ぬいぐるみを英語でstuffed animalという。以前、海外旅行をしていた際、どこの国だったかレストランの日本語メニューに「○○のぬいぐるみ○○」というのがあり、なんのことだろうと訝しく思った。しばらくして納得した。ソーセージか何かの詰め物料理のことだったのだ。英語圏でないその国で、料理をまず英語で考えてそれを日本語表記にしたらしい。ぬいぐるみは食べられないが、もこもとと柔らかい何か詰まった動物には話しかけたくなるのかもしれない。

ぬいぐるみに話しかけるのは、実在する人間に話しかけることで傷つけ、傷ついてしまうことを避けるためだ。だから、ぬいぐるみとしゃべっているのは他者ではなく自分自身であったりする。それは自己防衛であるとともに、他者との関係性を持たないという人間関係の広がりを拒否する姿勢でもある。他者との関係で自己研鑽や、いろいろな価値観があるということに気づくこともできるというのに。しかし、まず自分を守ること。

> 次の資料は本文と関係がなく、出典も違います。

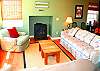The living room is light, bright and cozy with a gas/log fireplace and a Pacific Ocean view! Relax, open the doors and windows, feel the gentle sea breeze and listen to the waves rolling in on the nearby beach!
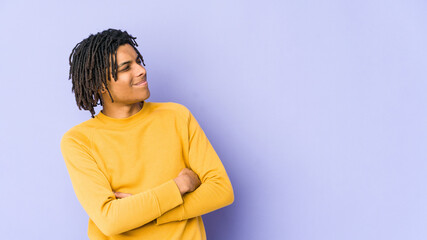 Young black man wearing rasta hairstyle dreaming of achieving goals and purposes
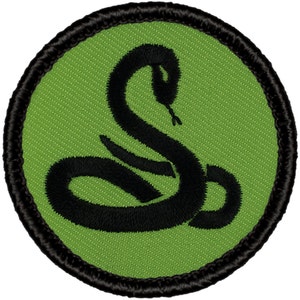 May include: A green embroidered patch with a black snake design. The snake is coiled and has its head raised.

京都の大学のぬいぐるみサークル(ぬいサー)に集う人たちは、どこか他者との気軽なコミュニケーションが苦手で、内にこもるタイプが多いと見える。しかし、そう見えたのはメンバーがより繊細であるからに過ぎない。そこには各人のSOGI(sexual orientation、gender identity 性志向と性自認)が深く関係している。饒舌でも快活でもない七森剛志は、入学の場で同級生の麦戸美海子と知り合う。二人してぬいサーに加入したが、そこには同級生の白城ゆいもいた。異性との交際の経験のない剛志はゆいと付き合ってみるが、やがてフラれてしまう。ゆいと同じ布団で寝るまで交際した二人だが、性交を求めなかった剛志にゆいが愛想をつかしたのか。あるいは剛志と美海子が付き合っていると勘ぐったゆいがわざと剛志と交際してみたのか。一方、通学電車で痴漢を目撃した美海子は、自分ごとに思えて通学できなくなってしまう。美海子に授業ノートを届ける剛志。それは恋愛感情ではない。心から心配しているからだ。長く一緒に暮らした飼い犬の死を機に、久々に実家に帰った剛志は同級生に誘われ居酒屋に。そこで「こいつ童貞だ」とからかわれ、憤然と席を立つ。なぜ、そういう目で、そういう価値基準で人を測るのかと。すると今度は、剛志が学校に行けなくなってしまう。剛志を助けたいと思う美海子。二人は会話する。「全然大丈夫じゃない」

映画の中で明確に描かれているのは、ぬいサーの先輩である光咲と西村がレズビアンで交際しているらしいこと。それ以外、剛志も美海子も他のメンバーもSOGIは明らかではない。しかし、剛志はおそらくアセクシャルで、痴漢を目撃した美海子は、自己の「汚される性」側の自覚に苦悶している。ぬいサーのいずれもが大学生活で求められる(ように見える)シスジェンダーとしてのヘテロセクシャルとは無縁に見える。そう世の中が、ストレートが「普通」との価値観で覆われている中で、自分の生きにくさはセクシャル・マイノリティが原因と自覚している人たちなのだ。たとえセクシャル・マイノリティであっても生きづらさとは無縁の社会が望まれるのに、今や就職技術専門学校と化している職業選択の最前線である大学で、生きづらさに直面する困難といったらない。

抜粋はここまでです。